This allows people to think in terms of Java classes rather than database tables, and also avoid dealing with the various annoying differences between different databases’ SQL dialects.

The essence of HQL processing is to translate from an HQL query to a SQL query. Hibernate does this in three steps:

• HQL input text is transformed using Syntax-Directed Translation and Tree Construction into an HQL abstract syntax tree (AST).

• The HQL AST is transformed into a SQL AST.

• A code generator generates SQL code from the SQL AST.

In all these cases, ANTLR is used. In addition to using a token stream as an input to ANTLR’s syntactic analyzer, you can use ANTLR with an AST as input (this is what ANTLR calls a “tree grammar”). ANTLR’s tree construction syntax is used to build both the HQL and SQL ASTs.

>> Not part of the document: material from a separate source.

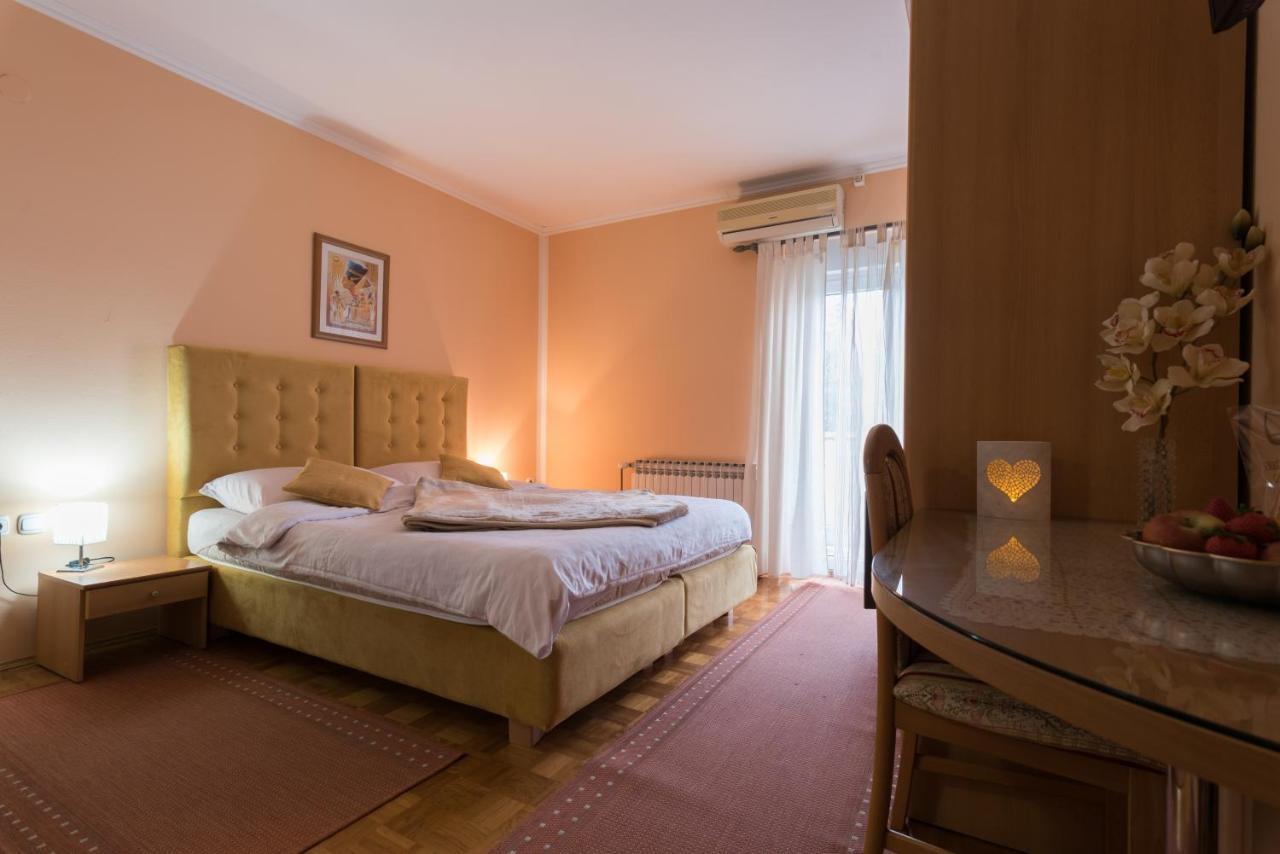 Guest House Bagi โปเชกา ภายนอก รูปภาพ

This path of transformations, input text ▶ input AST ▶ output AST ▶ output text, is a common one with source-to-source transformation. Like in many transformation scenarios, it’s good to break down a complex transformation into several small transformations that can be easily plugged together.

You can think of the SQL AST as the Semantic Model for this case. The meaning of the HQL queries is defined by the SQL rendering of the query, and the SQL AST is a model of SQL. More often than not, ASTs are not the right structure for a Semantic Model, as the constraints of a syntax tree usually help more than they hinder. But for source-to-source translation, using an AST of the output language makes a great deal of sense.

10.5 XAML

Ever since the beginning of full-screen user interfaces, people have experimented with how to define the screen layout. The fact that this is a graphic medium has always led people to use some kind of graphic layout tool. Often, however, greater flexibility can be achieved by performing the layout in code. The trouble is that code may be an awkward mechanism. A screen layout is primarily a hierarchic structure, and stitching together a hierarchy in code is often more fiddly than it ought to be. So, with the appearance of Windows Presentation Framework, Microsoft introduced XAML as a DSL to lay out UIs.

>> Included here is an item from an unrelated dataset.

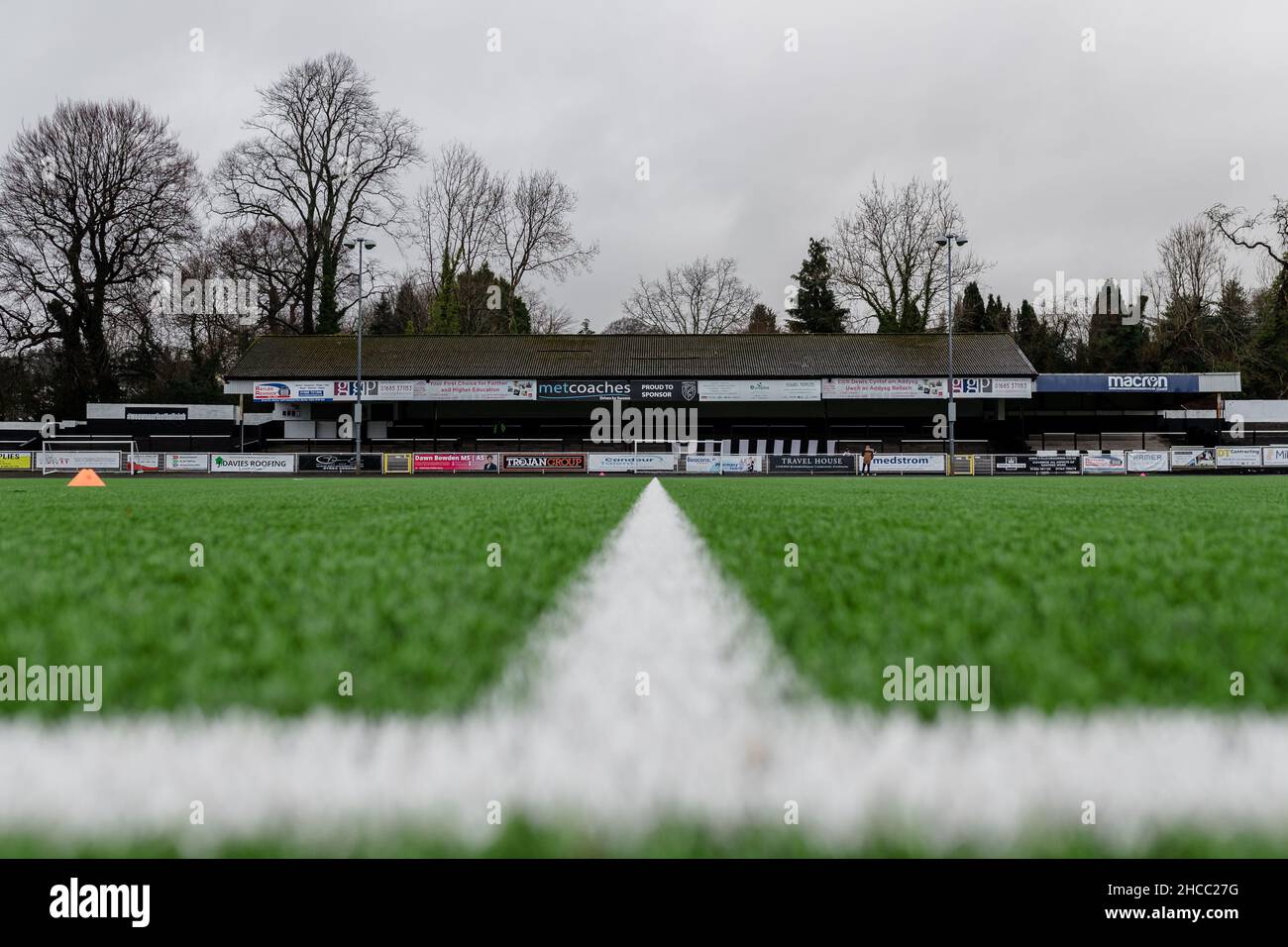 MERTHYR TYDFIL, GALLES - 27 DICEMBRE 2021: Stadio generale che precede la tappa sud della Southern League Premier Division South tra il Merthyr Town FC e lo Yate Town FC al Penydarren Park Stadium. Il gioco si sta svolgendo a porte chiuse a causa della pandemia del covid-19. Merthyr Tydfil, Galles. Photo Credit John Smith / Alamy Live News Foto Stock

(I confess I find Microsoft’s product naming to be remarkably banal these days. Good code names like “Avalon” and “Indigo” get turned into boring acronyms like WPF and WCF. Although it does invite a fantasy of seeing “Windows” turned one day into “Windows Technology Foundation.”)

XAML files are XML files that can be used to lay out an object structure; with WPF, they can lay out a screen, as in this example I stole from [Anderson]:

image

Microsoft is a fan of graphical design surface, so when working with XAML you can use a design surface, a text representation, or both. As a textual representation, XAML does suffer from XML’s syntactic noise, but XML does work fairly well on hierarchic structures like this. The fact that it bears a strong resemblance to HTML for laying out screens is also a plus.

XAML is a good example of what my old colleague Brad Cross refers to as a compositional (rather than computational) DSL. Unlike my initial state machine example, XAML is about how to organize relatively passive objects into a structure. Program behavior usually doesn’t depend strongly on the details of how a screen is laid out. Indeed, one of XAML’s strengths is that it encourages separating the screen layout from the code that drives the behavior of the screen.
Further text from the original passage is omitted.